- AIM OF THE TASK -
The expected result is the full listing, retyped exactly, without a single picture.

- DATA SHOWN -
====

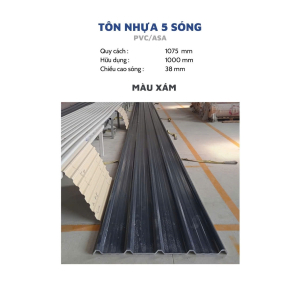 Tôn Nhựa 5 Sóng  Tôn Nhựa 5 Sóng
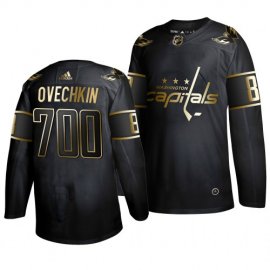 Washington Capitals #8 Alexander Ovechkin Mens Adidas 700 Goals Career Black Golden Editon Limited Stitched NHL Jersey
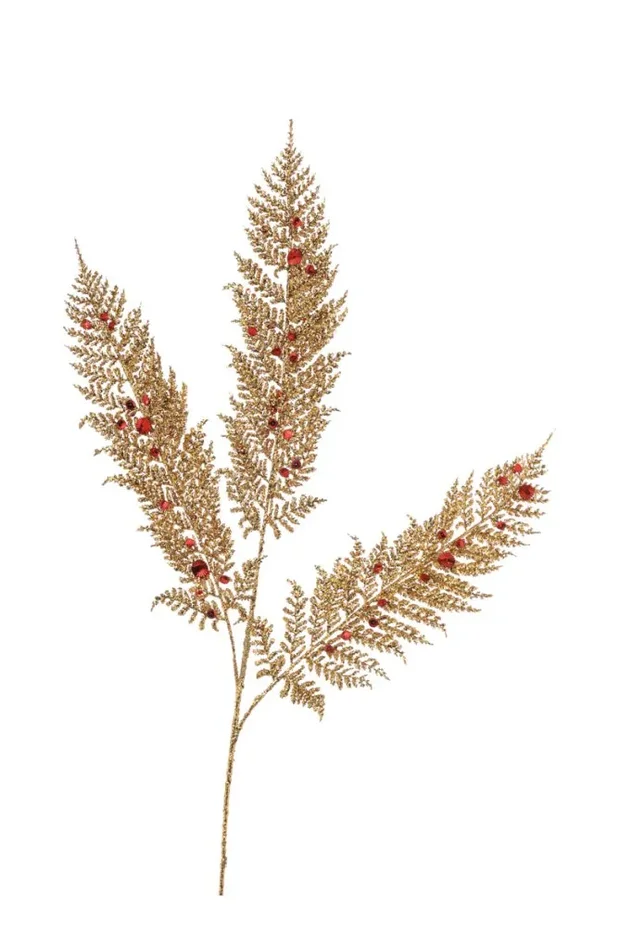 ARPIMEX Foglia Felce x 3 Glitter Rossi H 91 Cm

====

- REPLY TO THE TASK -
 Tôn Nhựa 5 Sóng  Tôn Nhựa 5 Sóng
 Washington Capitals #8 Alexander Ovechkin Mens Adidas 700 Goals Career Black Golden Editon Limited Stitched NHL Jersey
 ARPIMEX Foglia Felce x 3 Glitter Rossi H 91 Cm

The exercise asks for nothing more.